%%

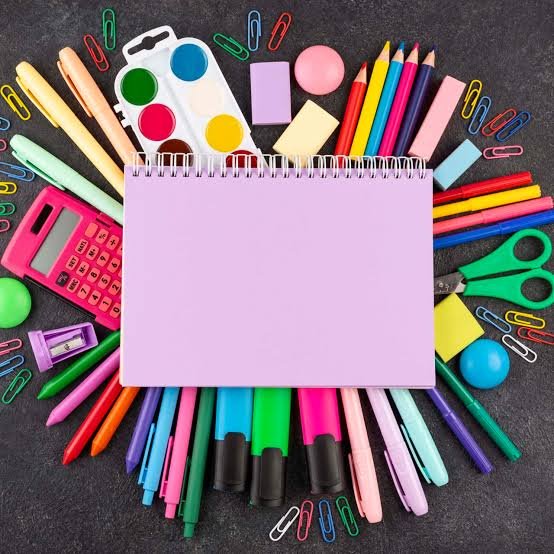 Projeto estabelece novos critérios para doação de materiais e uniformes escolares
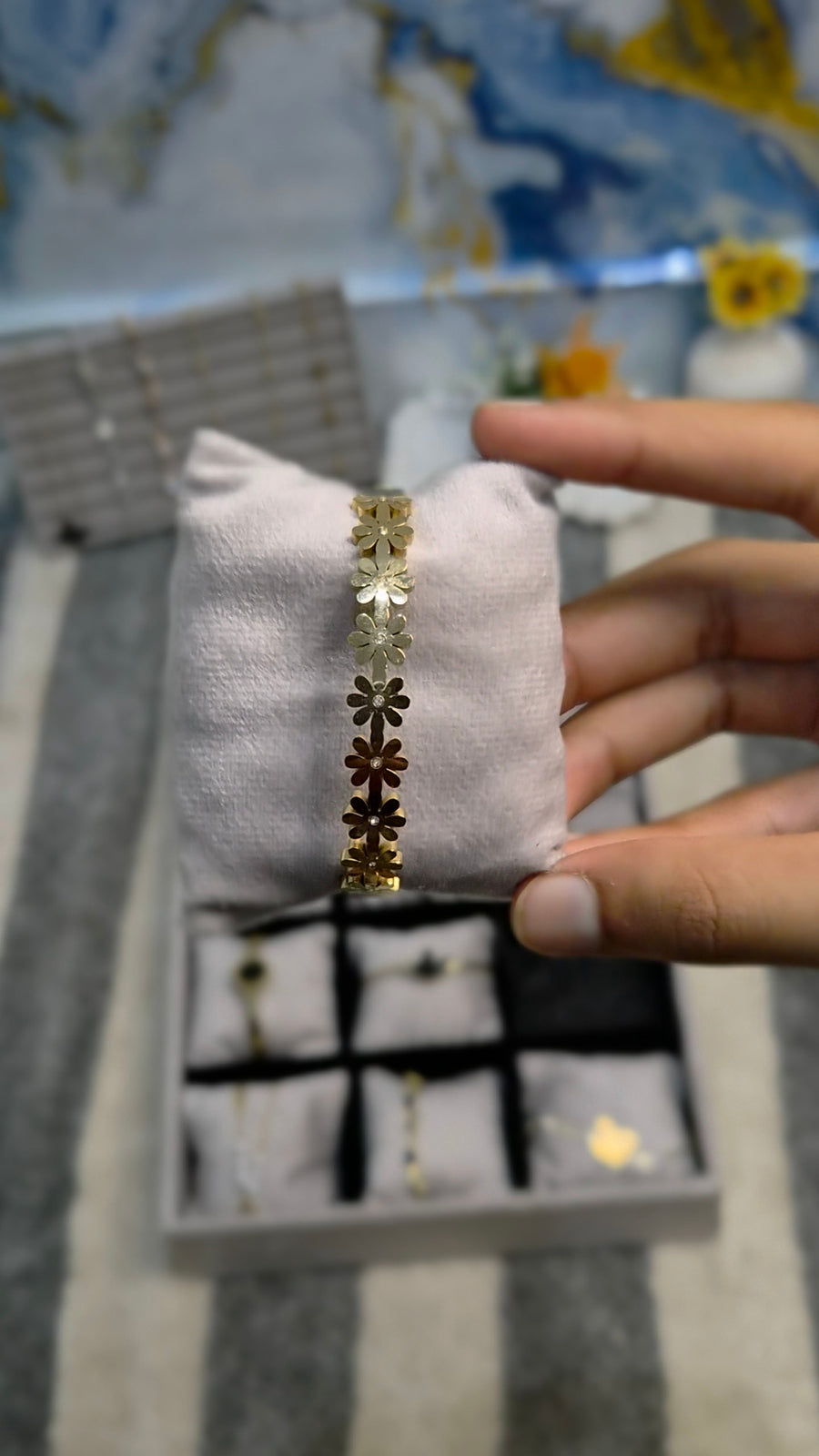 Daisy Chain handcuff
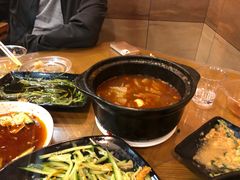 -三鞭一花·独一处·元英砂锅(海光寺店)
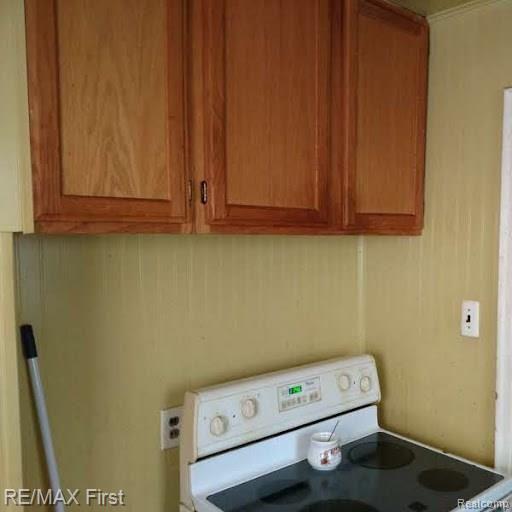 19435 Meyers Road Detroit, MI 48235 - Photo 4 of 12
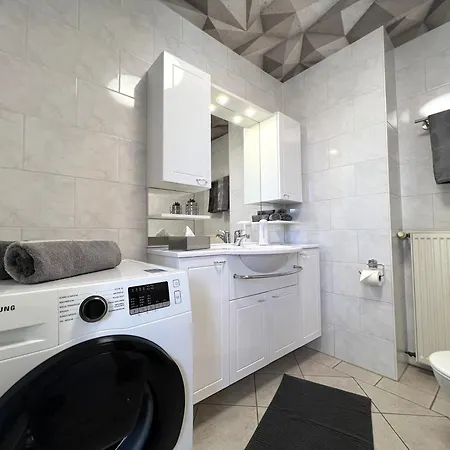 Harztraeume 3 & 4 - Zwei Fuer Familien & Freunde Mit Wlan, Parkplatz & Sitzplatz Im Gruenen I Busanbindung & Self Check-in * 베르니게로데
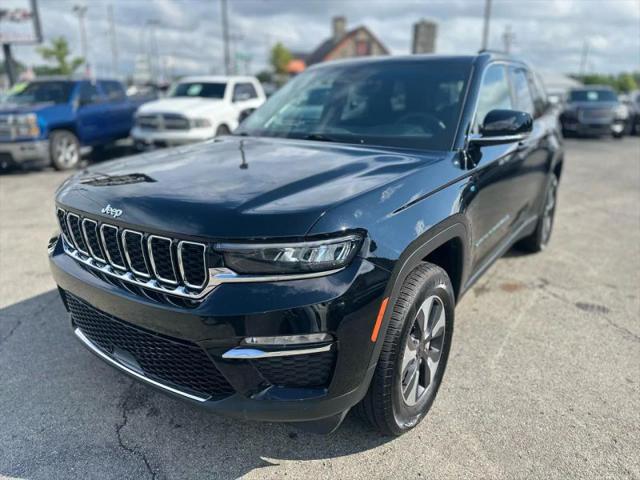 2024 Jeep Grand Cherokee Base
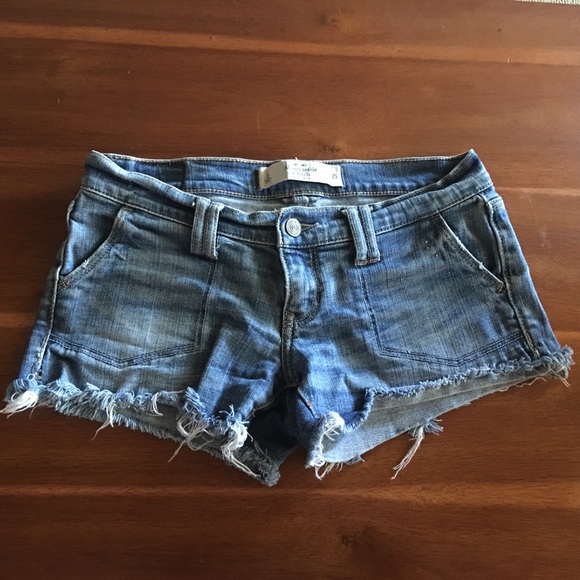 Abercrombie & Fitch Pants - Abercrombie and Fitch Jean shorts. Size 0/25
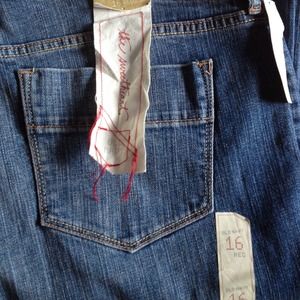 Old Navy Sweetheart Jeans with tags
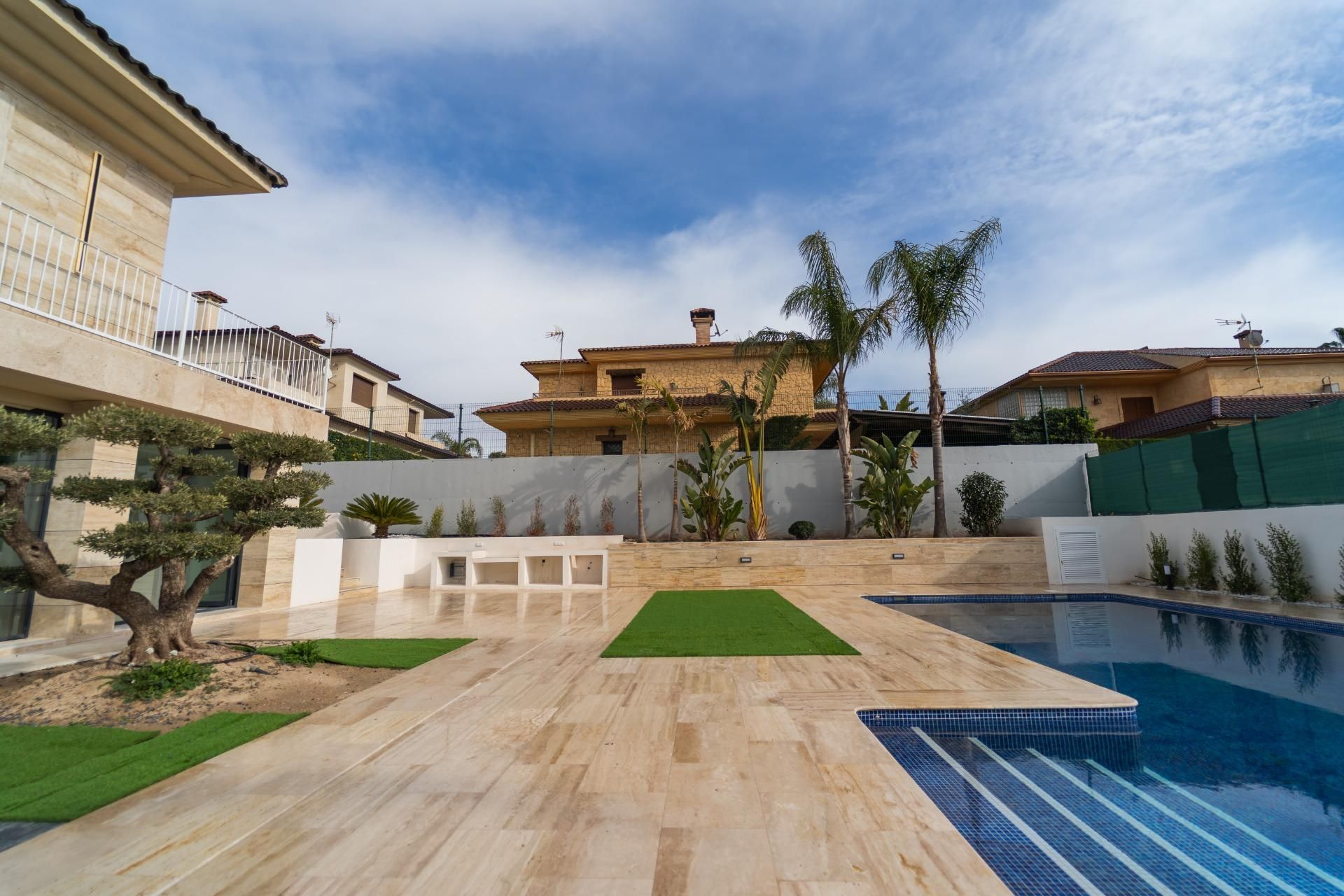 Swimming pool of House or chalet for sale in Elche / Elx  with Air Conditioner, Private garden and Terrace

%%

**Required action**
An exact copy of the lines from the one with "2024 Jeep Grand Cherokee Base" through the last line of the records, inclusive, is required, with all pictures left out.

**Answer to the exercise**
 2024 Jeep Grand Cherokee Base
 Abercrombie & Fitch Pants - Abercrombie and Fitch Jean shorts. Size 0/25
 Old Navy Sweetheart Jeans with tags
 Swimming pool of House or chalet for sale in Elche / Elx  with Air Conditioner, Private garden and Terrace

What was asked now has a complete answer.